2020-01-20 14:25:06.767 [DEBUG] [nal.protocol.ZWaveTransactionManager] - NODE 71: Adding to device queue
2020-01-20 14:25:06.768 [DEBUG] [nal.protocol.ZWaveTransactionManager] - NODE 71: Added 961 to queue - size 1
2020-01-20 14:25:06.777 [DEBUG] [nal.protocol.ZWaveTransactionManager] - NODE 71: TID 961: Transaction not completed
2020-01-20 14:25:06.795 [DEBUG] [equestNodeNeighborUpdateMessageClass] - NODE 71: Got NodeNeighborUpdate request.
2020-01-20 14:25:06.796 [DEBUG] [equestNodeNeighborUpdateMessageClass] - NODE 71: NodeNeighborUpdate FAILED
2020-01-20 14:25:06.798 [DEBUG] [ding.zwave.handler.ZWaveThingHandler] - NODE 71: Got an event from Z-Wave network: ZWaveNetworkEvent
2020-01-20 14:25:06.800 [DEBUG] [ding.zwave.handler.ZWaveThingHandler] - NODE 71: Got an event from Z-Wave network: ZWaveTransactionCompletedEvent
2020-01-20 14:25:06.801 [DEBUG] [nal.protocol.ZWaveTransactionManager] - NODE 71: CANCEL while sending message. Requeueing - 1 attempts left!
2020-01-20 14:25:06.804 [DEBUG] [nal.protocol.ZWaveTransactionManager] - NODE 71: Adding to device queue
2020-01-20 14:25:06.805 [DEBUG] [nal.protocol.ZWaveTransactionManager] - NODE 71: Added 961 to queue - size 1
2020-01-20 14:25:06.813 [DEBUG] [nal.protocol.ZWaveTransactionManager] - NODE 71: TID 961: Transaction not completed
2020-01-20 14:25:06.830 [DEBUG] [equestNodeNeighborUpdateMessageClass] - NODE 71: Got NodeNeighborUpdate request.
2020-01-20 14:25:06.832 [DEBUG] [equestNodeNeighborUpdateMessageClass] - NODE 71: NodeNeighborUpdate FAILED
2020-01-20 14:25:06.833 [DEBUG] [ding.zwave.handler.ZWaveThingHandler] - NODE 71: Got an event from Z-Wave network: ZWaveNetworkEvent
2020-01-20 14:25:06.835 [DEBUG] [ding.zwave.handler.ZWaveThingHandler] - NODE 71: Got an event from Z-Wave network: ZWaveTransactionCompletedEvent
2020-01-20 14:25:06.837 [DEBUG] [nal.protocol.ZWaveTransactionManager] - NODE 71: Retry count exceeded. Discarding message: TID 961: [CANCELLED] priority=Controller, requiresResponse=true, callback: 31
2020-01-20 14:25:06.838 [DEBUG] [ding.zwave.handler.ZWaveThingHandler] - NODE 71: Got an event from Z-Wave network: ZWaveNodeStatusEvent
2020-01-20 14:25:06.840 [DEBUG] [ding.zwave.handler.ZWaveThingHandler] - NODE 71: Setting OFFLINE
2020-01-20 14:25:06.843 [DEBUG] [ve.internal.protocol.ZWaveController] - NODE 71: Node Status event - Node is DEAD
2020-01-20 14:25:06.845 [DEBUG] [ng.zwave.internal.protocol.ZWaveNode] - NODE 71: Node is DEAD.

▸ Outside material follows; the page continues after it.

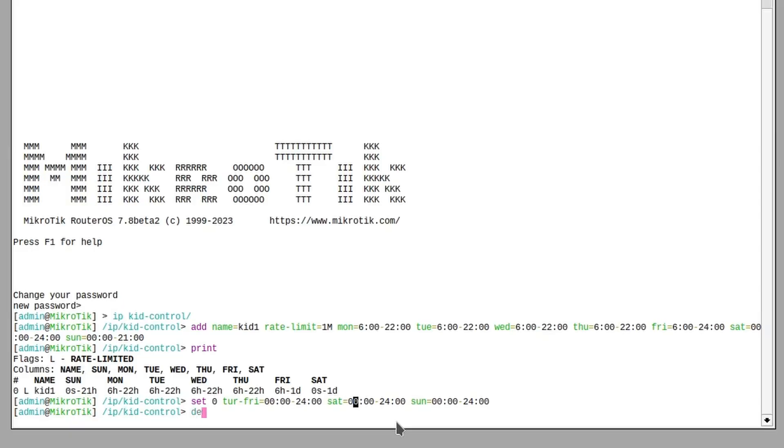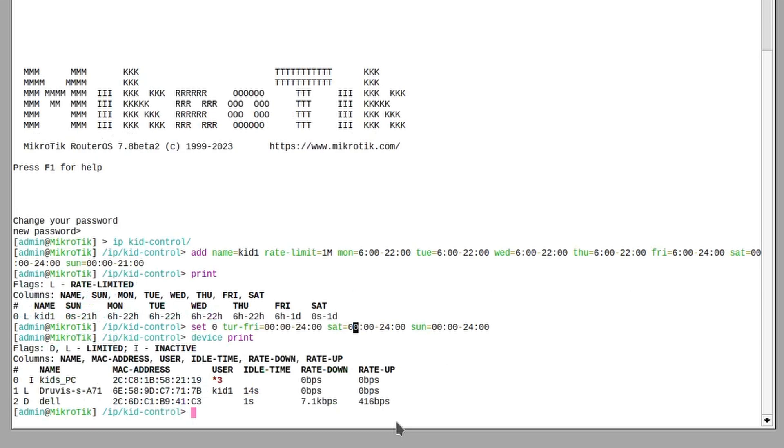Now all that is left to do is to add all the kid's devices to this user profile. You can do this by going to the device subsection and executing print. Any recently connected devices should show up there. If they are not connected yet but you have their MAC address or they will get a static IP, you can add them manually. In this case we will just assign these two recently connected devices to our user.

I’m not confident in how the underlying network functions, but I would imagine that a node querying a network with 90 neighbors might take a little longer than the 5 seconds that the binding is giving the controller to complete the transaction.

I was hesitant to create a pull request because I’m not confident that this is the correct place to make the change in handling this particular transaction, but I went ahead and created one just to show exactly where I made the change. I opened an issue and will submit a pull request with the change shortly.

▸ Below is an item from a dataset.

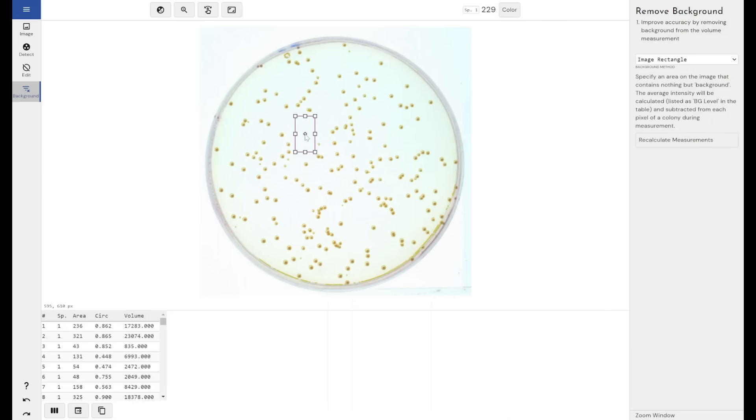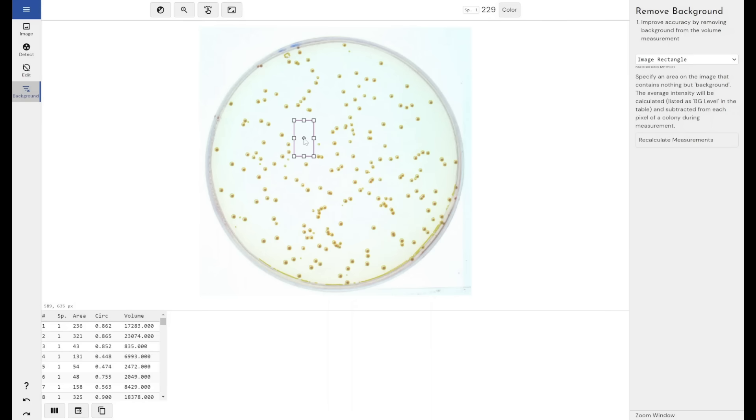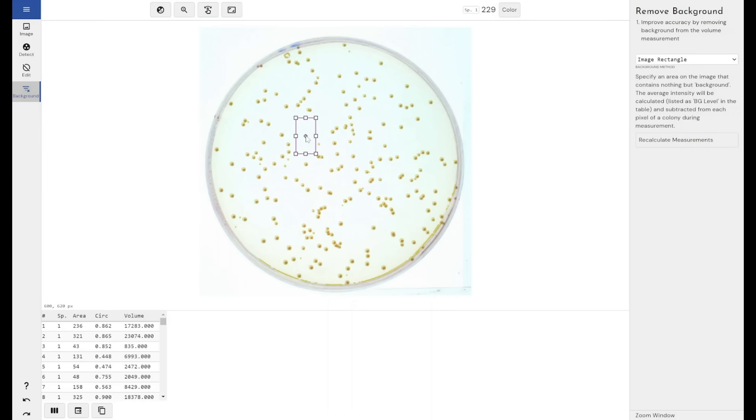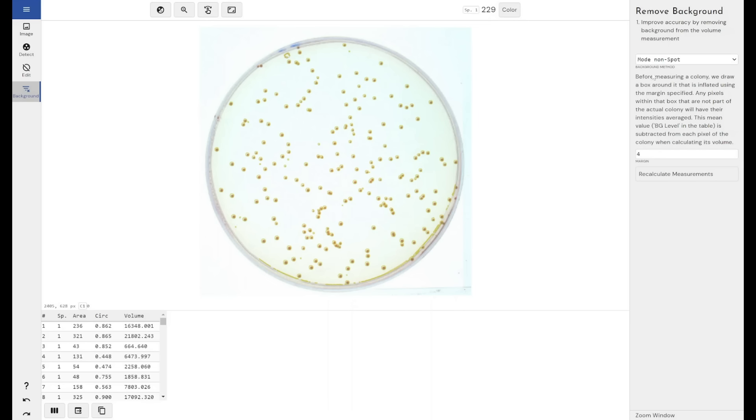It's extremely useful and accurate for images such as this where there's quite a uniform background. It's not as useful in images where the background changes quite a lot because obviously the average value here for background will be quite different from the average value here where it's darker. But it is quite good in this image.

ilektron · January 25, 2020, 6:42pm

I submitted the PR here, for those that want to see and test out the change for themselves.

chris · January 25, 2020, 7:41pm

Thanks.

As mentioned in the PR, I agree with your assessment of the issue, but would like to solve it in a different way as your implementation will have side effects. I won’t go into the details here as we will duplicate everything.

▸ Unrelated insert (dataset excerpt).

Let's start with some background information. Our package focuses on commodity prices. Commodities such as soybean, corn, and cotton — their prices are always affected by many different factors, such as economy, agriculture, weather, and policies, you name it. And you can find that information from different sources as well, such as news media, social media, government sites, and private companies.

Celaeno1 · January 25, 2020, 7:41pm

I don’t care if it is related to network layer or application layer. Heal does not work. Either the controller is busy with something (e.g. getting illumination report or temperature report) or the device is busy (e.g. sending illumination or temperature report) while the neighbors are also requested. There was a change in handling this properly in May or June 2019. Since then heal does not work for my three Fibaro FGMS-001. Waking them up manually during a heal solved the problem. I give it up now.